O trabalho identificou 110 espécies de ecossistemas de recifes no desembarque de pescarias neste período. Só em 2015, aproximadamente 50 mil toneladas de peixes de espécies com valor comercial foram pescadas, entre elas, budiões (gênero Sparisoma), vermelhos e guaiubas (gênero Lutjanus). A região Nordeste foi a que mais capturou peixes recifais no período, seguida pelas regiões Sudeste e Norte. A falta de gerenciamento e de fiscalização da atividade pesqueira, segundo os pesquisadores, provocou o declínio de várias populações de peixes principalmente a partir dos anos 2000, momento em que houve um pico de capturas destas espécies.

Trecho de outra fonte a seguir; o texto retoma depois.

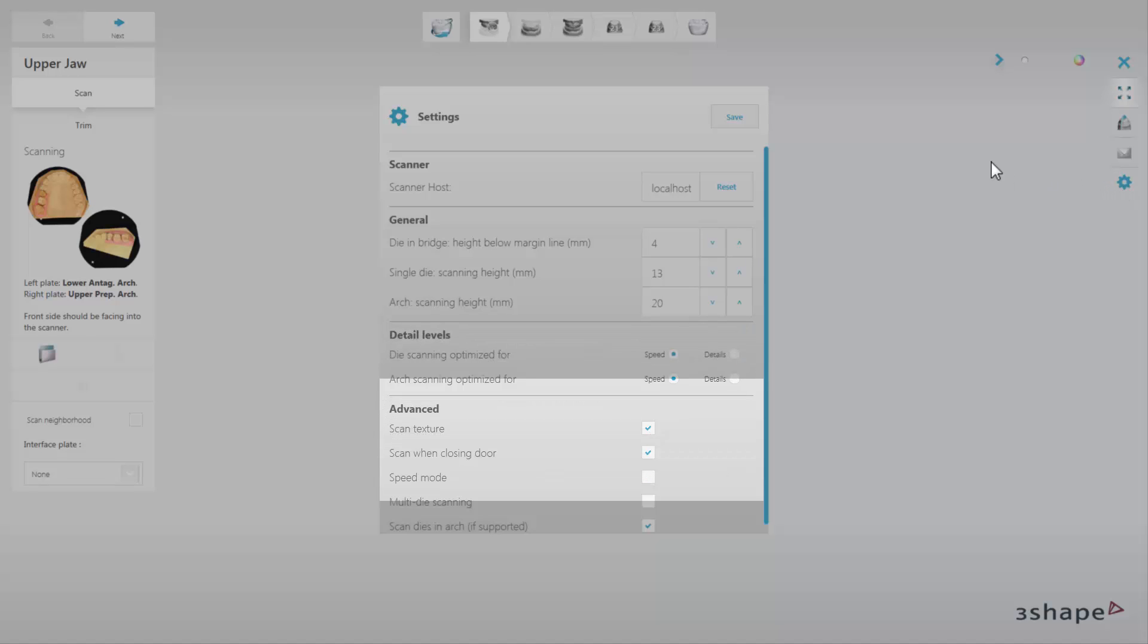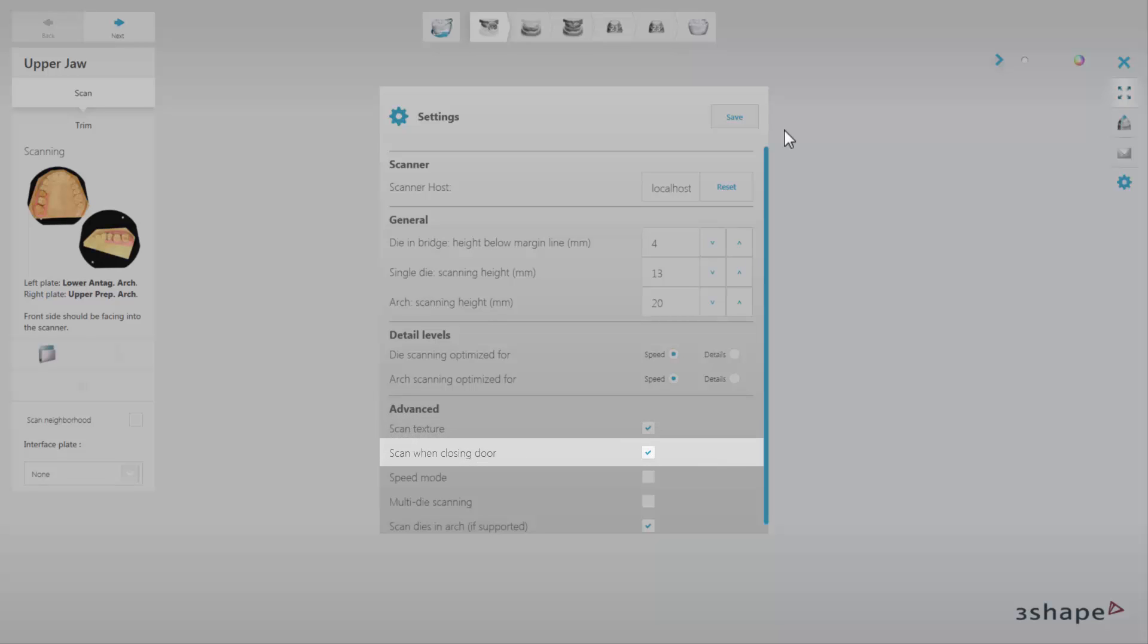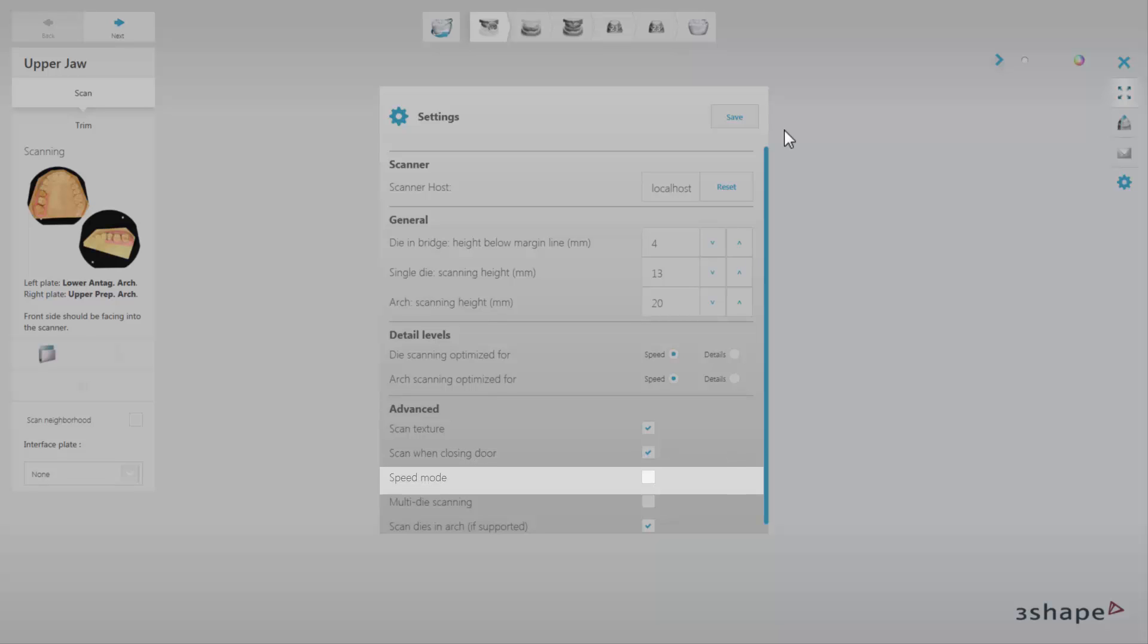Furthermore, in the Advanced settings you can choose Texture Scanning. This feature enables capturing hand-drawn markings penciled directly onto the physical models. Scan when closing door activates scanning when the user inserts an object into the scanner and closes the scanner door. Here you can also select Speed Mode to speed up the scanning process.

O estudo também identificou que, ao longo dos anos, cada vez mais espécies passaram a ser capturadas pelos pescadores. “Elas têm as mais variadas funções e importância dentro dos ecossistemas”, alerta Mariana Bender, bióloga do Departamento de Ecologia e Evolução da UFSM e autora sênior do artigo.
Os pesquisadores também identificaram, nas quatro regiões estudadas, de norte a sul do país, um processo conhecido no meio científico como pesca através da cadeia alimentar – onde se capturam desde organismos predadores de topo até os que ocupam níveis inferiores na teia alimentar. “Ao longo desses 65 anos, as pescarias atingiram também peixes herbívoros, como é o caso dos budiões no Nordeste, além de peixes de tamanho pequeno”, comenta a autora. “Estamos explorando uma grande variedade de espécies, consumindo praticamente todo e qualquer recurso marinho, sem reconhecer os efeitos da perda da biodiversidade”.
O impacto da pesca predatória no Brasil tende a ser pior do que o abordado pela pesquisa, pois não há dados governamentais atualizados sobre a atividade após 2015. Sem eles, é impossível entender, por exemplo, o fluxo comercial da pesca em recifes. “Sabemos que o mercado internacional tem impulsionado o aumento da atividade pesqueira e a quantidade de espécies pescadas. Um dos principais países importadores são os Estados Unidos, mas não temos detalhamentos importantes, como as espécies mais exportadas em cada região”, pontua Bender. O número de pescadores associados diretamente aos ecossistemas recifais também não está disponível.
O Brasil possui mais de oito mil quilômetros de costa heterogênea e 4,5 milhões de quilômetros quadrados de Zona Econômica Exclusiva (ZEE), um recorte territorial de domínios marítimos mantidos sob soberania territorial nacional conhecido como “Amazônia Azul”. Apesar da extensão territorial e da importância dos recursos marinhos para a população que vive nas regiões costeiras, o país não tem, tradicionalmente, uma continuidade de investimentos para a proteção oceânica. Estimativas de estudos recentes apontam que apenas 4% desse território conta com algum grau de proteção ambiental.
O estudo alerta para a necessidade urgente de políticas regionais para o gerenciamento da pesca, já que os recifes brasileiros possuem características distintas em cada área do país. Segundo os pesquisadores, dados atualizados sobre a pesca recifal no Brasil são fundamentais para a gestão da atividade – e, consequentemente, para a proteção da biodiversidade dos recifes. Por isso, eles enfatizam a necessidade de investimento por parte do governo na obtenção, sistematização e integração destas informações em todo o país.